__TASK DIRECTIONS__: All of the data below must be repeated exactly.

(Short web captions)

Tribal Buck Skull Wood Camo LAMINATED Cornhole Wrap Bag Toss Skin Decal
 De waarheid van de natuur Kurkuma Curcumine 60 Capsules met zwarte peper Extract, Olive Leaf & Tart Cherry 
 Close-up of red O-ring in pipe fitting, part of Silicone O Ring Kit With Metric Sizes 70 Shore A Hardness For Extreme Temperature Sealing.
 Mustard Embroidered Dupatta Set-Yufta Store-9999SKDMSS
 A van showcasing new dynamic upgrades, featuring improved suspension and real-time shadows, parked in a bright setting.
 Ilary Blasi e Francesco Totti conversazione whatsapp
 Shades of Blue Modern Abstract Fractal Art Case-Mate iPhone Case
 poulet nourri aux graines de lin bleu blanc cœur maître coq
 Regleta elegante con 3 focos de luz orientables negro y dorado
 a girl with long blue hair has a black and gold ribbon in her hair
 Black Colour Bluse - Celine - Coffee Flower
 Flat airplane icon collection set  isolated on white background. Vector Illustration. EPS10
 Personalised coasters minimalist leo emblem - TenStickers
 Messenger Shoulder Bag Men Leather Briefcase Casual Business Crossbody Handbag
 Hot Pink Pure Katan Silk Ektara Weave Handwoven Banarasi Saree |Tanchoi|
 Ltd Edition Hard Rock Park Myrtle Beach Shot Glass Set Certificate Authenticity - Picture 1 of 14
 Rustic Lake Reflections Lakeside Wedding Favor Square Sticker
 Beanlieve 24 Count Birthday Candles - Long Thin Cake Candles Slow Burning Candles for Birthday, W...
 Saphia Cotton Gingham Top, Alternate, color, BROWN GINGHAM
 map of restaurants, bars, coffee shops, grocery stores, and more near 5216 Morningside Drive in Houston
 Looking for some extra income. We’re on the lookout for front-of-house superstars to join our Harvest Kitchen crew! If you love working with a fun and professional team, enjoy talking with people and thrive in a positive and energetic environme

__RESPONSE TO THE EXERCISE__:
Tribal Buck Skull Wood Camo LAMINATED Cornhole Wrap Bag Toss Skin Decal
 De waarheid van de natuur Kurkuma Curcumine 60 Capsules met zwarte peper Extract, Olive Leaf & Tart Cherry 
 Close-up of red O-ring in pipe fitting, part of Silicone O Ring Kit With Metric Sizes 70 Shore A Hardness For Extreme Temperature Sealing.
 Mustard Embroidered Dupatta Set-Yufta Store-9999SKDMSS
 A van showcasing new dynamic upgrades, featuring improved suspension and real-time shadows, parked in a bright setting.
 Ilary Blasi e Francesco Totti conversazione whatsapp
 Shades of Blue Modern Abstract Fractal Art Case-Mate iPhone Case
 poulet nourri aux graines de lin bleu blanc cœur maître coq
 Regleta elegante con 3 focos de luz orientables negro y dorado
 a girl with long blue hair has a black and gold ribbon in her hair
 Black Colour Bluse - Celine - Coffee Flower
 Flat airplane icon collection set  isolated on white background. Vector Illustration. EPS10
 Personalised coasters minimalist leo emblem - TenStickers
 Messenger Shoulder Bag Men Leather Briefcase Casual Business Crossbody Handbag
 Hot Pink Pure Katan Silk Ektara Weave Handwoven Banarasi Saree |Tanchoi|
 Ltd Edition Hard Rock Park Myrtle Beach Shot Glass Set Certificate Authenticity - Picture 1 of 14
 Rustic Lake Reflections Lakeside Wedding Favor Square Sticker
 Beanlieve 24 Count Birthday Candles - Long Thin Cake Candles Slow Burning Candles for Birthday, W...
 Saphia Cotton Gingham Top, Alternate, color, BROWN GINGHAM
 map of restaurants, bars, coffee shops, grocery stores, and more near 5216 Morningside Drive in Houston
 Looking for some extra income. We’re on the lookout for front-of-house superstars to join our Harvest Kitchen crew! If you love working with a fun and professional team, enjoy talking with people and thrive in a positive and energetic environme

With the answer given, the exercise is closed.